Data Type	Definition	Examples	Suitable Encodings
Nominal	Categories without order	Country names, program types, gender categories	Position, color hue, shape
Ordinal	Categories with meaningful order	Education levels, satisfaction ratings, wealth quintiles	Position, color saturation, size
Interval	Numeric with arbitrary zero	Temperature (°C), dates, index scores	Position, length, area (with caution)
Ratio	Numeric with true zero	Income, population, coverage rates	Position, length, area, angle
Temporal	Time-based sequences	Years, months, project phases	Position on x-axis, animation
Geographic	Spatial coordinates or regions	Districts, GPS points, administrative boundaries	Map position, choropleth, symbols

Development Sector Data Challenges

Development data presents challenges rarely addressed in standard visualization courses. Acknowledging these constraints is essential for honest, effective communication.

Missing Values

Subnational data gaps, incomplete time series, non-response. Never interpolate without disclosure.

Methodology Changes

Redefined indicators, updated survey instruments, changed sampling. Breaks in time series must be marked.

Aggregation Masking

National averages hide regional inequality. Always ask: "Does this aggregate conceal important variation?"

Proxy Indicators

What we can measure ≠ what we want to measure. Document the gap between proxy and concept.

Small Samples

Disaggregated data often lacks statistical power. Confidence intervals are not optional.

Reporting Delays

"Latest data" may be 2-3 years old. Always show data vintage prominently.

Module 03

Visual Encoding Graphical Perception

The scientific foundation for chart selection. Rank visual encodings by perceptual accuracy and predict which chart types will enable accurate comparisons.
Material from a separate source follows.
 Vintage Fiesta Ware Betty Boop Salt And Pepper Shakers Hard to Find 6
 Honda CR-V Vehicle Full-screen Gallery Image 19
Cleveland & McGill's Hierarchy

In 1984, William Cleveland and Robert McGill conducted experiments establishing a hierarchy of encoding accuracy. Their findings explain why bar charts consistently outperform pie charts: humans judge length on a common baseline more accurately than angles.

Encoding Accuracy Hierarchy

From most to least accurate perception: Position on common scale → Position on non-aligned scales → Length → Angle/Slope → Area → Volume → Color saturation/density.

1

Position (common scale)

Bar charts, dot plots, scatter plots

2

Position (non-aligned)

Multiple separate charts

3

Length

Stacked bars, Gantt charts

4

Angle / Slope

Pie charts, line slopes

5

Area

Bubble charts, treemaps

6

Volume

3D charts (avoid!)

7

Color saturation

Heatmaps, choropleths

Module 04

Color & Accessibility Inclusive Design

Select appropriate palettes for sequential, diverging, and categorical data. Design for colorblind accessibility and adapt for cultural contexts.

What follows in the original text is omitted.